EM - A capa desse álbum é um piano cujo tampo imita as linhas sinuosas e delicadas do pão de açúcar. Eu te pergunto: Qual a necessidade de lançar um álbum com tamanha delicadeza em uma época com tanto ruído?
AS – A ideia desse álbum já existe algum tempo. Quase que 20 anos. Só que lá atrás ele se chamaria Jobim Ballads. Só com músicas mais lentas. Chegou a ser escrito na Lei Rouanet, consegui aprovação, mas não consegui captar para gravar. Algumas dessas músicas, como Modinha, Estrada Branca, Caminhos Cruzados já estavam. Não consegui captar e fui deixando, a vida foi seguindo. Obviamente trabalho em outros projetos, com outros artistas, dou aula também. Não tinha como dedicar tempo só para isso. De certa forma foi bom porque acabei amadurecendo musicalmente essas idéias. Modinha e Estrada Branca me instigaram na busca pela minha formação musical. Estudar a técnica pianística. Vi que precisava de mais coisas, além do conhecimento da harmonia, de trabalhar a sonoridade, a técnica do piano. De Certa forma o repertório que escolhi me ajudou. Em relação ao período atual da tua pergunta, não saberia responder o por quê. É o que naturalmente estou fazendo nesse momento. E como enxergo a música do Jobim.
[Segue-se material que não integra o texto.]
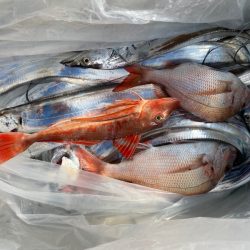 ぽん助丸 釣果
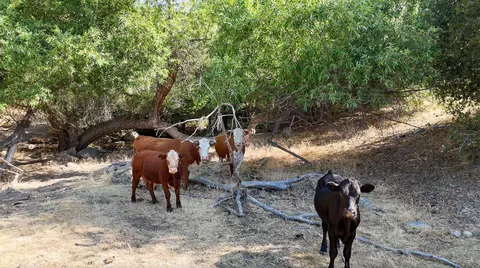 000 Whitaker Forest Rd, Miramonte, CA 93641 photo 8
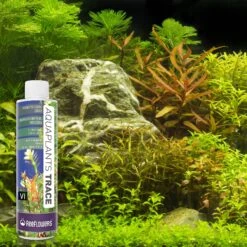 Reeflowers AquaPlants Trace Solution VI Aquarium Water Treatment, 34-oz Bottle -Plax Penn Shop 238553 PT7. AC SS1800 V1616517129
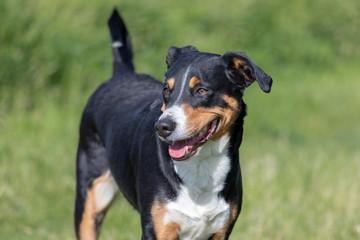 Appenzeller Mountain Dog, portrait of a dog close-up.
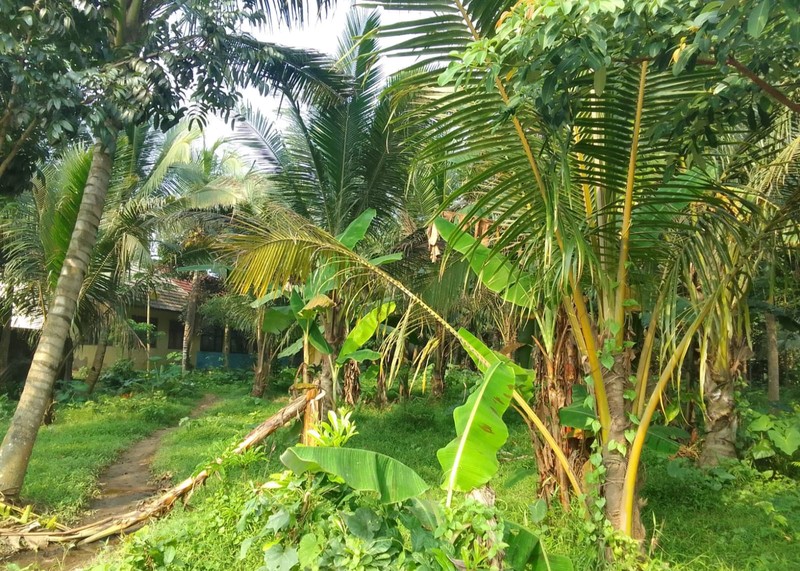 Kavling Siap Bangun Di Jl Jelajat, Pamarasan, Desa Damping Serang Banten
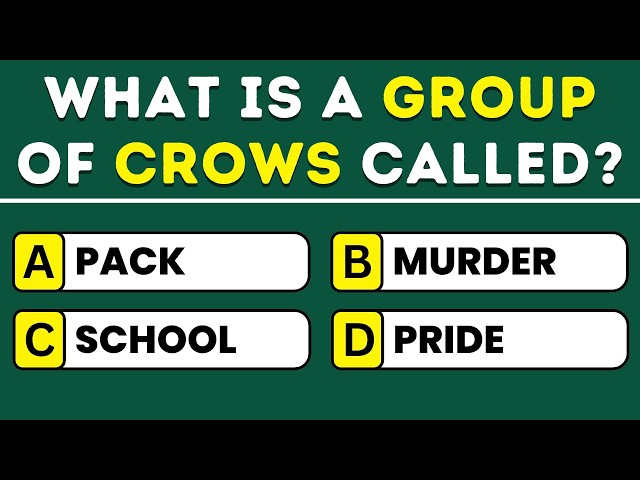 Can You Score 30 Out of 50? 🤔 Take This General Knowledge Quiz!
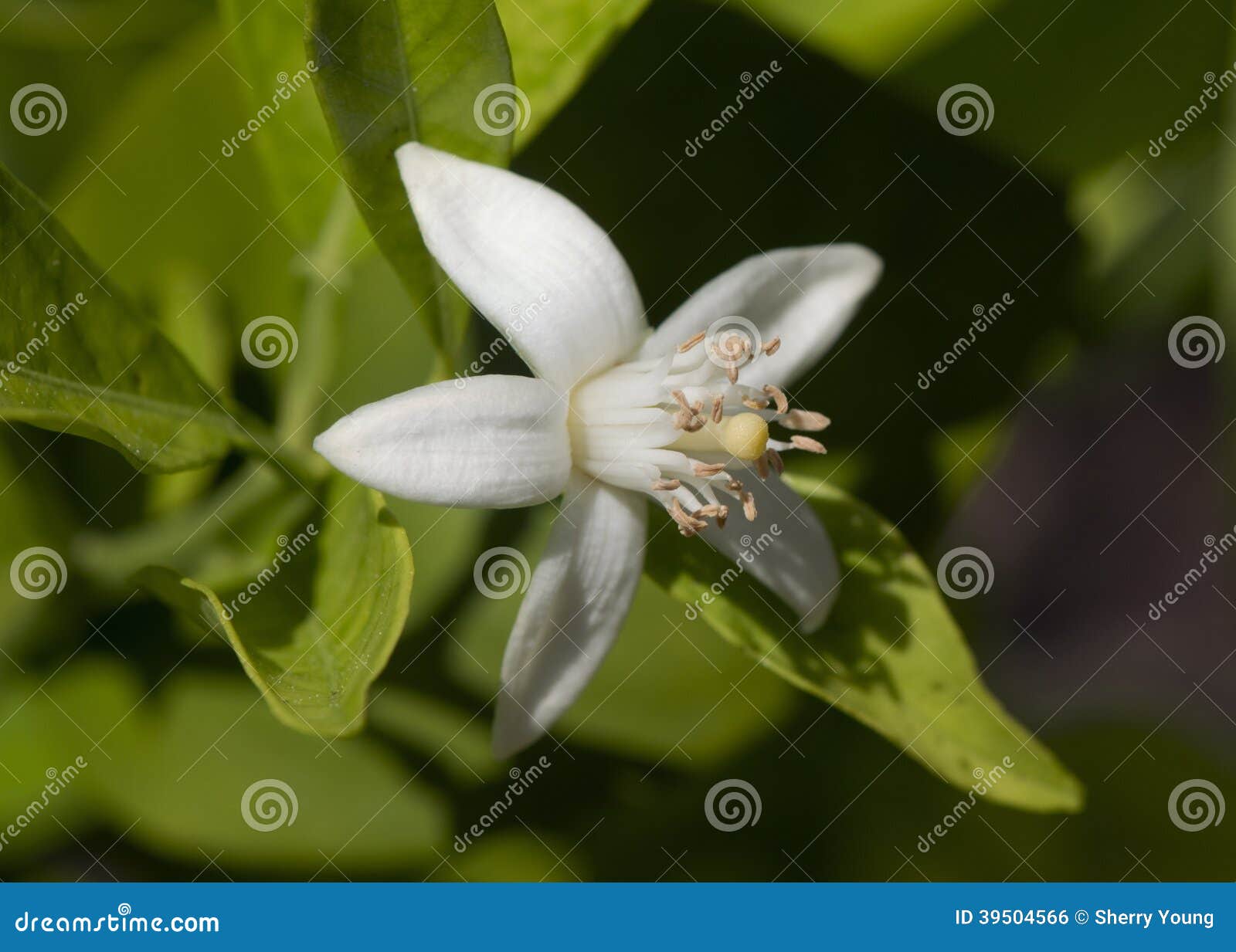 Orange Blossoms stock photo. Image of flora, farm, green 39504566
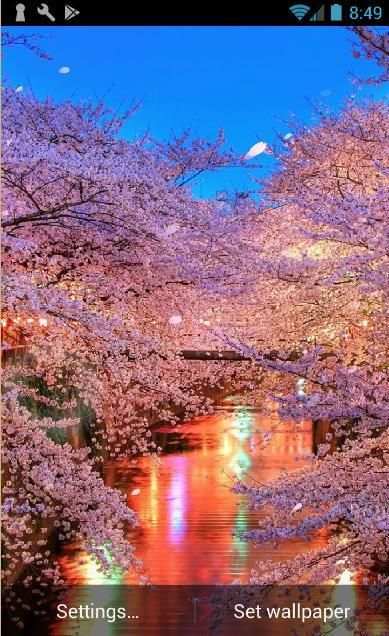 Sakura Live Wallpaper 2 تصوير الشاشة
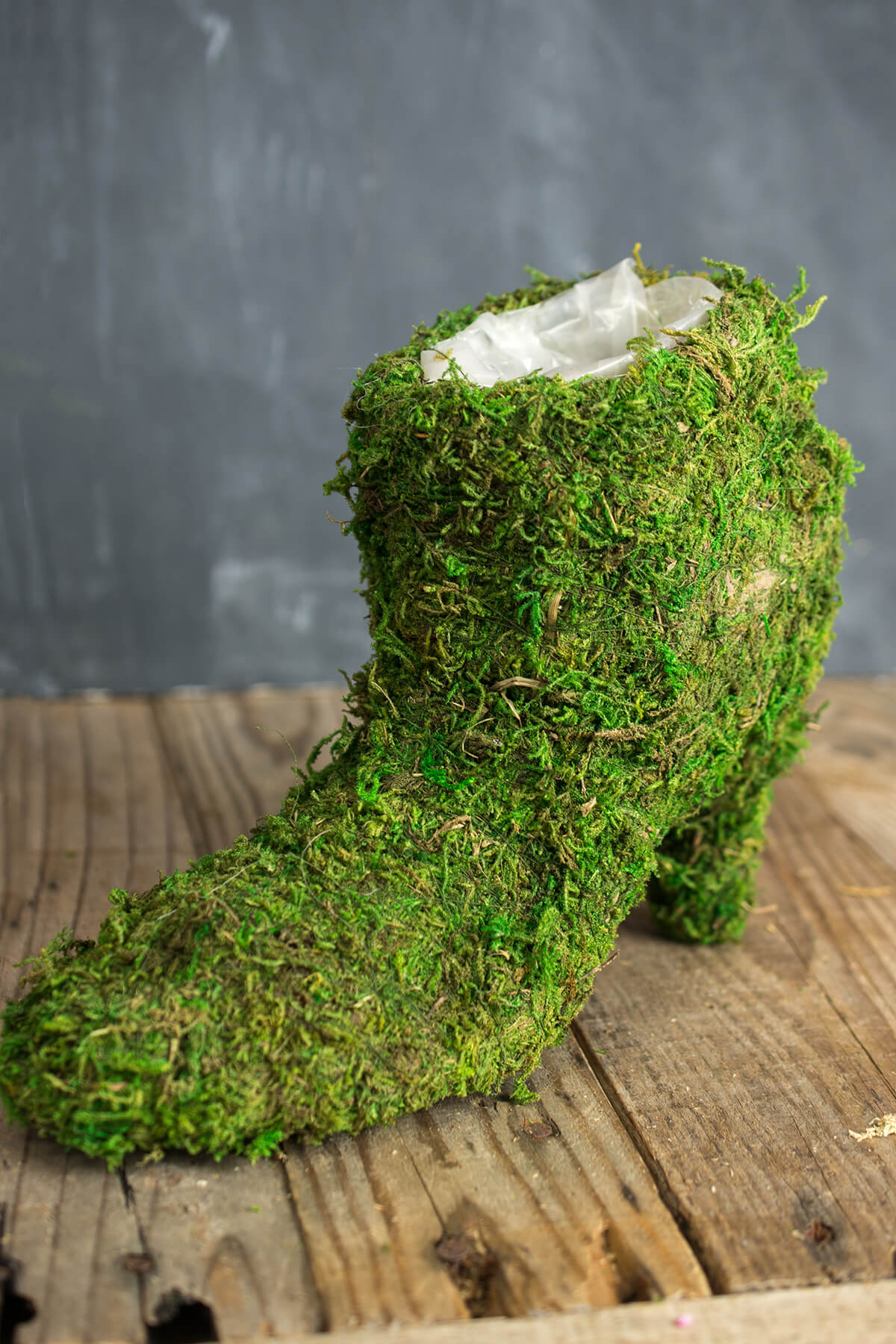 Moss Covered Ladies Boot 7" Topiary Planter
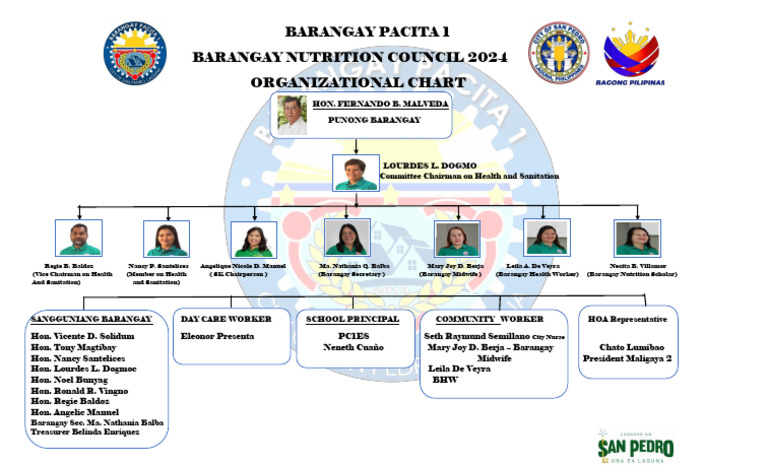 Barangay Nutrition Council Org Chart 2024 | PDF
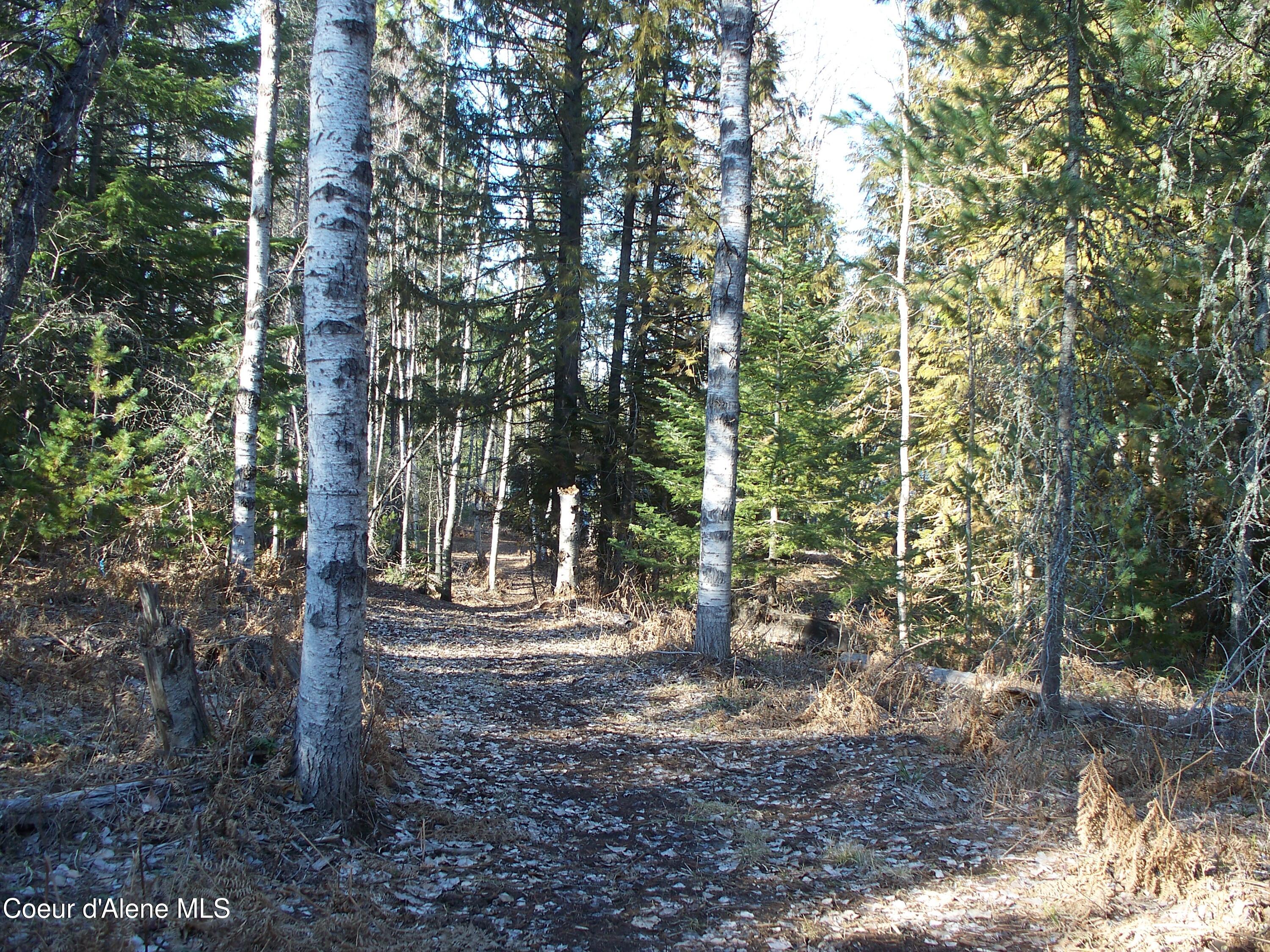 780 Selkirk Road Sandpoint, ID 83864 - Photo 57 of 57 .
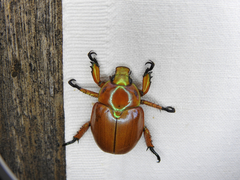 Anoplognathus montanus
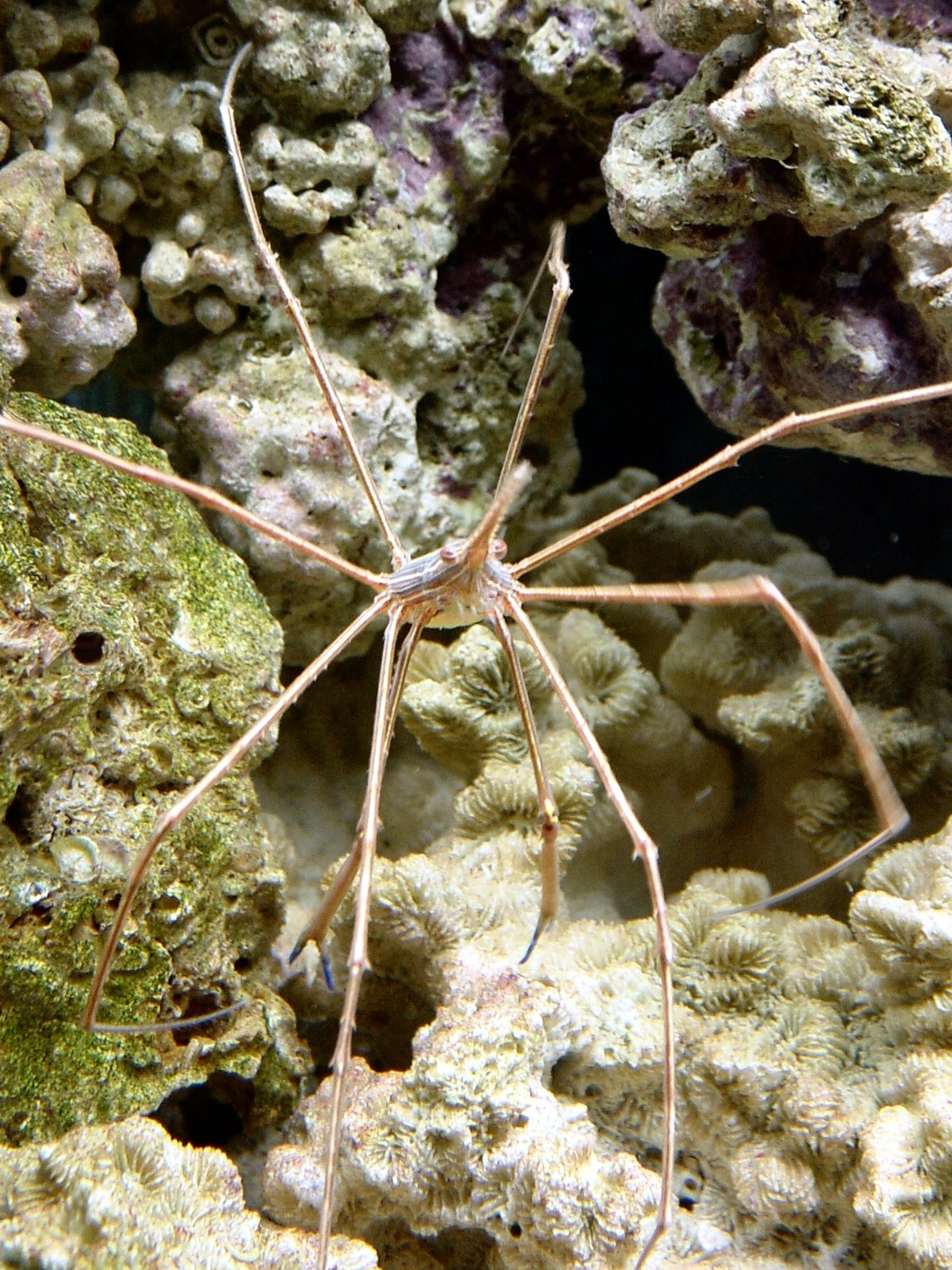 Crabe flèche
É claro que daqui a alguns meses posso fazer algo diferente. Mas isso reflete a minha visão um pouco sobre a música de maneira geral. É como consigo me expressar. A obra do Tom também tem isso. É uma obra delicada. Procurei ficar muito atento às idéias que ele imprimiu de alguns arranjos. Ao mesmo tempo também sugerir a minha intenção. Imprimir as minhas ideias. Mas a obra do Tom é essa delicadeza que está presente na natureza. Quando você olha para o Rio, que ele tratou tão bem quando falava sobre isso. E quando escrevia. Várias de suas letras citavam a natureza do Rio, antes desse discurso entrar em evidencia e que é super importante. O Tom já falava muito sobre isso. Sobre a preservação da natureza. Recentemente fiz um clipe da música Modinha e acabei filmando tudo ali no Jardim Botânico, um lugar meio que o quintal do Tom. A delicadeza e ao mesmo tempo a força que tem a natureza. Vamos dizer, o ruído, para usar a expressão que você usou, é a obra do Tom. Esse ruído natural. Ruído no bom sentido. Que inspira a gente. Pra mim, que tenho a alegria de morar aqui no Rio, cidade com todos os seus problemas, mas uma cidade linda. E se tratando de se debruçar sobre a obra do Tom é interessante, você passa pela cidade e ao mesmo tempo vê paisagens que inspiraram o maestro, no sentido de estar aqui. Apesar de não tê-lo conhecido pessoalmente. De estar tão próximo daquilo que o inspirou.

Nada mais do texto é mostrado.